According to data from the US tourism tracking agency STR Global, Dubai’s hotels are experiencing occupancy rates of about 80 per cent. That is a very strong performance, especially when you consider that a high volume of new hotel capacity has come onto the emirate’s market recently.
In a conversation on the sidelines of AHIC, STR’s managing director Elizabeth Randall said there were several factors behind Dubai’s success story. Firstly, many families in the region, and particularly families from Saudi Arabia, have chosen to take holidays in Dubai, instead of traditional destinations such as Jordan, Egypt, Syria and Lebanon, where they are seeing often-violent TV images of government crackdown’s on protests.

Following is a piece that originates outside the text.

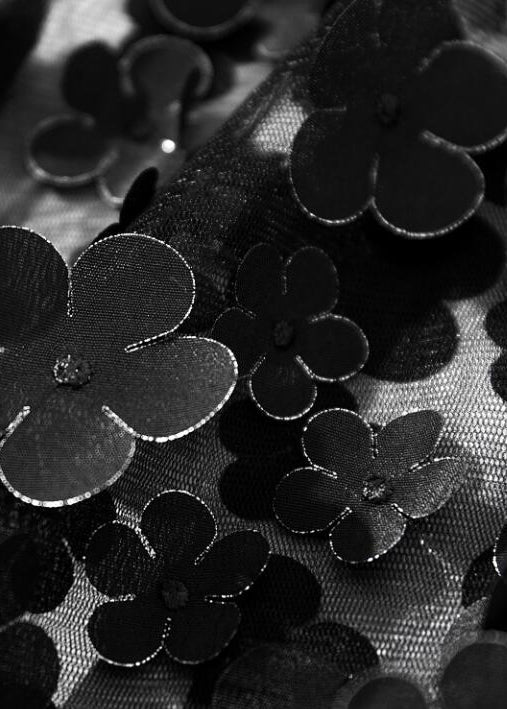 Effortlessly Elegant Garment with a Timeless Design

Bahrain’s ongoing troubles are a second key factor in Dubai’s tourism boost. As a long-standing centre for business in the Gulf, and as a well-supported location for companies serving Saudi Arabia’s Eastern Province, Manama has for years been one of the region’s most important business hubs. But the social and political uncertainty in the kingdom caused by the protests, and the government’s brutal crackdown, has forced many business travellers and events companies to move their meetings to nearby Dubai. The postponement of the Formula 1 Grand Prix in March is the most high profile, but it is not the only one.
Bahrain has, without doubt, lost most in the Gulf from the Arab Spring.
It is not only Dubai’s hotel industry that is bouncing back, capital inflows into the emirate are slowly boosting money supply, and the price of credit default swaps (CDS) for Dubai – the cost of insuring yourself against Dubai failing to repay its debt –has fallen to around 350 basis points, down from 500 basis points a year ago (although, at 260 basis points, Bahrain CDS are still cheaper).
But while the political uncertainty may have been the catalyst for Dubai’s economic boost, perhaps the most important factor is that Dubai has been in a position to take advantage of the opportunity.
Many people have enjoyed the schadenfreude of seeing Dubai’s real estate bust over the past few years, and in particular its humiliation as it struggled to get to grips with its huge borrowings. The emirate will be carrying its heavy debt burden for many years, and oversupply will hinder the recovery of its real estate sector. So far Dubai has been able to restructure the most pressing of its debt problems, and real estate globally is in the doldrums.
Dubai is now reaping the benefits of having invested heavily to develop world-class infrastructure that supports, among other things, a multi-faceted tourism industry catering for all sectors from family package holidays through to budget business travellers.